PUNE: Revenue Minister Chandrashekhar Bawankule has gained all-party consensus for a significant overhaul of the stalled redevelopment policy for housing societies on government land.

The proposal will be submitted to the cabinet for final approval, following which a government resolution (GR) will be issued to implement the new framework, an official informed TOI on Friday.

Once approved, the policy is expected to benefit approximately 3,000 housing societies on government land.

Pravin Darekar, chairman of the Maharashtra Housing Cluster/Self-Redevelopment Authority, urged the state to establish a clear, time-sensitive process specifically for societies on government land. He highlighted that countless residents are trapped in unsafe buildings due to the absence of such a framework. “The Darekar committee has expedited the push for a structured redevelopment policy for aging housing societies,” remarked an official who attended the meeting earlier this week.

For decades, around 3,000 societies in Mumbai’s suburbs, including Navi Mumbai, Thane, Pune, and Nashik, struggled to redevelop old and often dilapidated structures due to restrictive lease agreements, high premiums, ownership disputes, and numerous bureaucratic hurdles. While more than 25 self-redevelopment projects on private land have progressed, not a single society situated on government land has advanced beyond the approval stage.

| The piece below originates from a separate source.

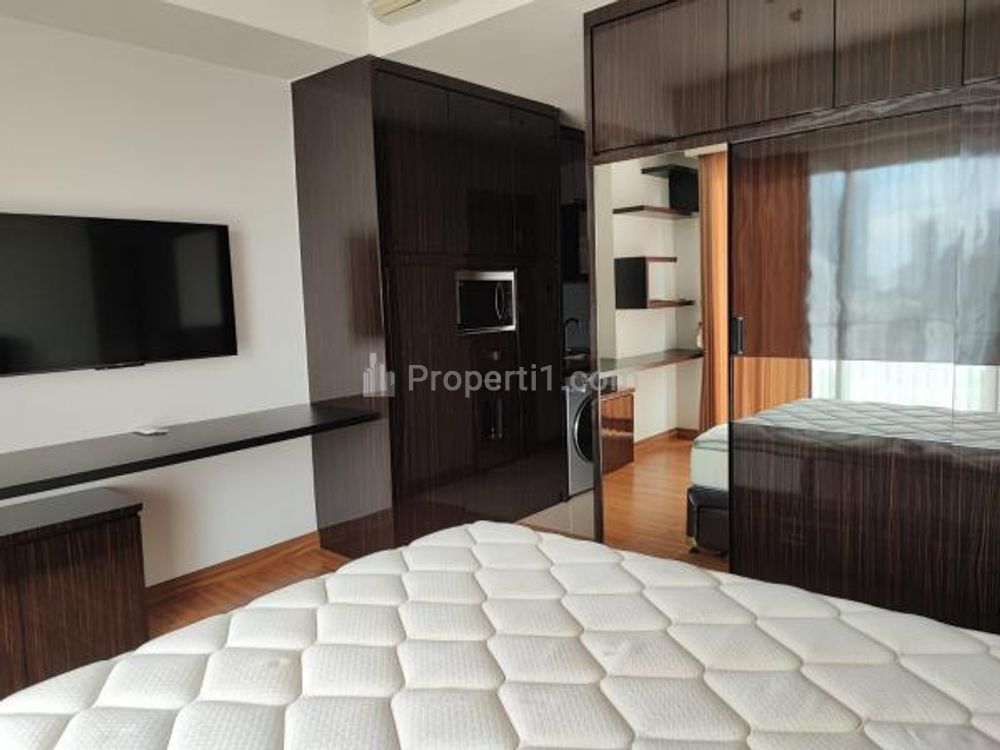 For Sale Apartment Sudirman Hill Residence Type Studio Full Furnished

The revenue department’s new policy framework, unanimously backed by all parties at the meeting chaired by Bawankule, aims to resolve these long-standing issues. “These reforms will facilitate hundreds of delayed projects, providing a practical and achievable path to redevelopment for societies on government land,” stated Bawankule.

Representatives from the state housing federation indicated that this has been a long-standing demand, and cabinet clearance would enable most societies on government land to pursue redevelopment. Advocate Shreeprasad Parab noted that several prior appeals had been made regarding this issue. “The cabinet should expedite the proposal’s approval,” he urged.

Among the proposed significant changes is the elimination of the PMAY-linked requirement that societies surrender flats to qualify for the reduced 5% fee necessary for converting land tenure from Class II (restricted rights) to Class I (ownership-like rights). Officials pointed out that this condition rendered redevelopment financially unviable for the majority of societies.

The state is expected to extend the December 2025 deadline for converting Class II to Class I, a long-standing demand, as many proposals remain mired in paperwork.

District collectors will be required to address ownership disputes, lease violations, and tenancy challenges within a defined timeframe—obstacles that have historically stalled redevelopment for years. They will likely prioritize lease renewals and the regularization of past breaches for societies choosing self-redevelopment. The draft policy will be distributed to MLAs and MPs in the next 8–10 days before being presented to the cabinet for approval.